Thursday, January 6, 2022

Australian icebreaker maps deepsea mountain

The seamount identified by satellites and partially mapped by RSV Nuyina.
Credit: Pete Harmsen / AAD

From Phys by Australian Antarctic Program

The summit of an underwater mountain, higher than Mount Kosciuszko, has been mapped for the first time by the Australian icebreaker Research and Supply Vessel (RSV) Nuyina.

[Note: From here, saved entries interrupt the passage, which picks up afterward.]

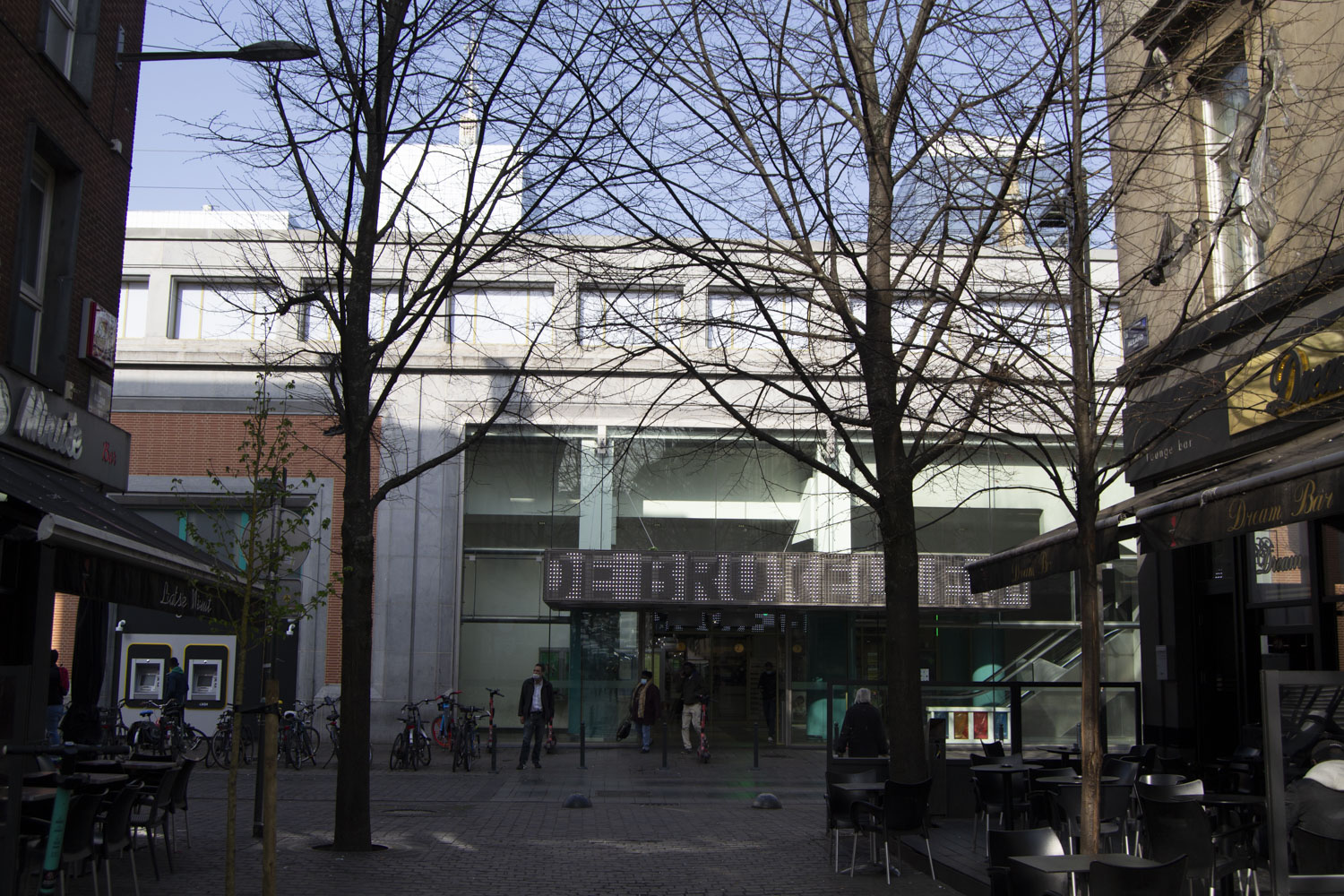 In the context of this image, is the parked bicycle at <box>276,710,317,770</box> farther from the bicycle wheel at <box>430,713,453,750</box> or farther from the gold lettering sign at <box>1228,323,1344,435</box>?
the gold lettering sign at <box>1228,323,1344,435</box>

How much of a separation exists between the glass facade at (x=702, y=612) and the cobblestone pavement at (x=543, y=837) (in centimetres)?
506

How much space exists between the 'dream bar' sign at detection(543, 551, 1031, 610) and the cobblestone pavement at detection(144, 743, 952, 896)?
4273 mm

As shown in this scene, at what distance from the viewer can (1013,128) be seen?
8867 millimetres

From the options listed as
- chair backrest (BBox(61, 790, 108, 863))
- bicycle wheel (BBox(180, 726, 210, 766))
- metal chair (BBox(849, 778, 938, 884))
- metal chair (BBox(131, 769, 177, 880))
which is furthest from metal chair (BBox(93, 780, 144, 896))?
bicycle wheel (BBox(180, 726, 210, 766))

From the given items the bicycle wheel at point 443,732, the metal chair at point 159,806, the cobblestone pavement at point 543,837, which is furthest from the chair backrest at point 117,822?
the bicycle wheel at point 443,732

At 2500 meters high, 2900 meters wide and 4500 meters long, the seamount had been identified from satellites at about 50 degrees South, on the edge of the "Furious Fifties."

While an earlier voyage had skimmed one side of the seamount, no detailed mapping at its summit had ever been done.

Data from the ship’s multibeam echosounder were used to create a map of the seamount topography, with high points in red and the seafloor (at about 3000 meters depth) in green.
The highest point mapped so far was about 500 meters beneath the ocean’s surface.
Credit: Pete Harmsen / AAD

Seamounts are usually formed from extinct volcanoes and can be biological hotspots, attracting plankton, corals, fish and marine mammals.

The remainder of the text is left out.